A BRIEF GEOLOGIC HISTORY OF ROCKINGHAM COUNTY
By W. Cullen Sherwood
Dept. of Geology and Environmental Studies
James Madison University
CAVES AND CAVERNS
Of all the aspects of Rockingham County geology, probably none are more fascinating than the caves which abound here. Limestones are unique among rocks in having the ability to form caves which carry underground streams. Even a brief look around the Shenandoah Valley will show the observer that very few surface streams exist. The many streams normally found on the surface in other areas run underground in caves here. It is interesting to take a look back in time and see how these caves formed. Over thousands of years, as rain fell and soaked into the ground, it entered cracks in the underlying limestone bedrock and began to dissolve out small channels in the rock. As these channels grew larger, more water could enter the openings and underground cave systems were formed. Some of our caves have active streams flowing in them, while others have become dry as the groundwater forms more channels and moves deeper underground (see Figure 5).

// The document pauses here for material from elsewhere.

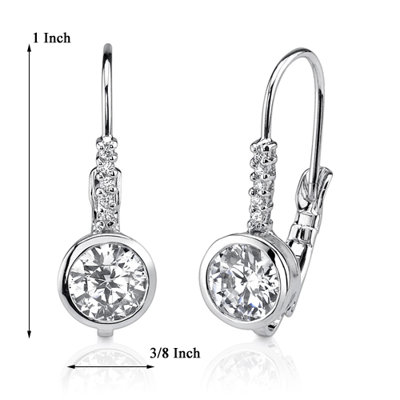 Oravo Dazzling and Elegant Celebrity Inspired Bridal Style Bezel Set Lever back Cubic Zirconia Earrings in Sterling Silver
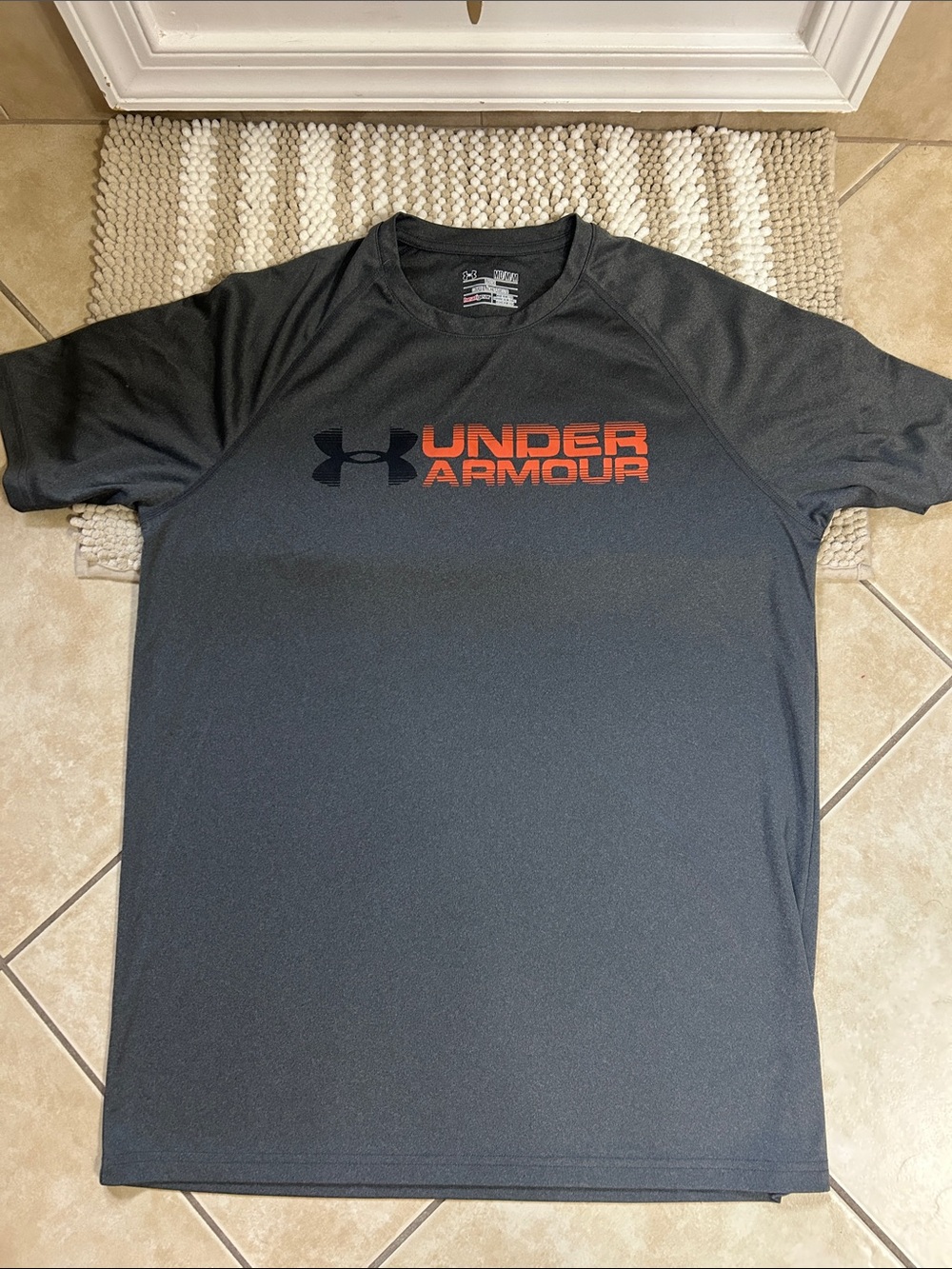 Under Armour Men’s Short Sleeve Tech Tee in Charcoal with Orange Logo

|Figure 5. Evolution of cave and sinkhole. 1. Rain soaks through soil and starts to dissolve limestone. 2. Small wet cave carries underground stream. 3. Dry cave forms and groundwater forms another wet cave at a lower level. 4. Cave ceiling collapses forming sinkhole.
Dry caves with cave formations such as stalactites, stalagmites and columns are among the most beautiful of geological features. Many of the Shenandoah Valley caves have been commercialized and called caverns, but whether called cave or cavern they were formed by the same process. They draw thousands of visitors each year. Many other "wild" caves of near equal beauty occur throughout the limestone areas of the Valley and are known to but a few people. In addition to these dry caves, thousands of smaller wet caves carry much of the ground water available in Rockingham County. Local well drillers report the intersection of small caves to be a common occurrence when drilling in limestone areas. Many of the wells produce water from caves containing underground streams in the limestone.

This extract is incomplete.